More on unix permission

Coolmax · 02-27-2013, 01:16 PM

Hi,
I read some articles about permissions, but I think my knowledge is still superficial. Today I went to my website, but nginx told me that page is unavailable (permission denied). Before everything worked well. I remember that only thing what I change was to add 'www-data' user to 'coolmax' group. I made some tests with directories and this is what I found:

Code:

# ls -la / |grep qwer
drwxr--r-x   2 coolmax coolmax  4096 2013-02-27 19:06 qwer
# id -nG www-data
www-data cooolmax
# su - www-data
$ ls -la /qwer
ls: cannot access /qwer/.: Permission denied
ls: cannot access /qwer/..: Permission denied
total 0
d????????? ? ? ? ?            ? .
d????????? ? ? ? ?            ? ..
$ exit
# usermod -G www-data www-data
# su - www-data
$ ls -la /qwer
total 8
drwxr--r-x  2 coolmax coolmax 4096 Feb 27 19:50 .
drwxr-xr-x 23 root    root    4096 Feb 27 19:50 ..
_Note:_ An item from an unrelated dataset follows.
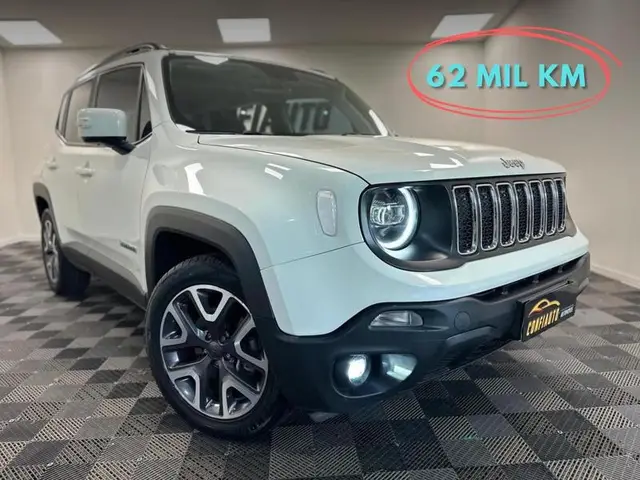 Carro Jeep Renegade 2021 Longitude 1.8 4x2 (Aut) (Flex)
Distro is Debian 6.0.5. I know that no 'x' for group is nonsense, when there is 'x' for other users. So I think, when user belongs to group, which directory is set to, then 'other' permissions aren't taken into account. But why's that? I'd very appreciate, if someone could explain it or give me some links.

chrism01 · 02-27-2013, 06:41 PM

Basically, it checks all the perms, looking for a way to do what's required. I don't know if it goes left-to-right or reverse, but the effect is the same. It keeps going till it gets what it needs or runs out of perms to check.
See also ACLs.

http://www.linuxtopia.org/online_boo...5_ch-acls.html

shivaa · 02-27-2013, 07:48 PM

The problem is with this:

Code:

# ls -la / | grep qwer
drwxr--r-x   2 coolmax coolmax  4096 2013-02-27 19:06 qwer

Directory 'qwer' has no write or execute permission for group members. See this part (marked in Red):

Code:

drwxr--r-x

And since 'coolmax' is a supplimentry group for user 'www-data', so he cannot write or execute the directory i.e. cannot see it's content.

So simply solution to this problem is to add at least execute permission for group on qwer directory, as:

Code:

~$ chmod -R g+wx qwer

Either user 'www-data' should be member of 'coolmax' group and 'qwer' dir. should have write/execute permission of group OR, 'qwer' directory shold have all permissions for others.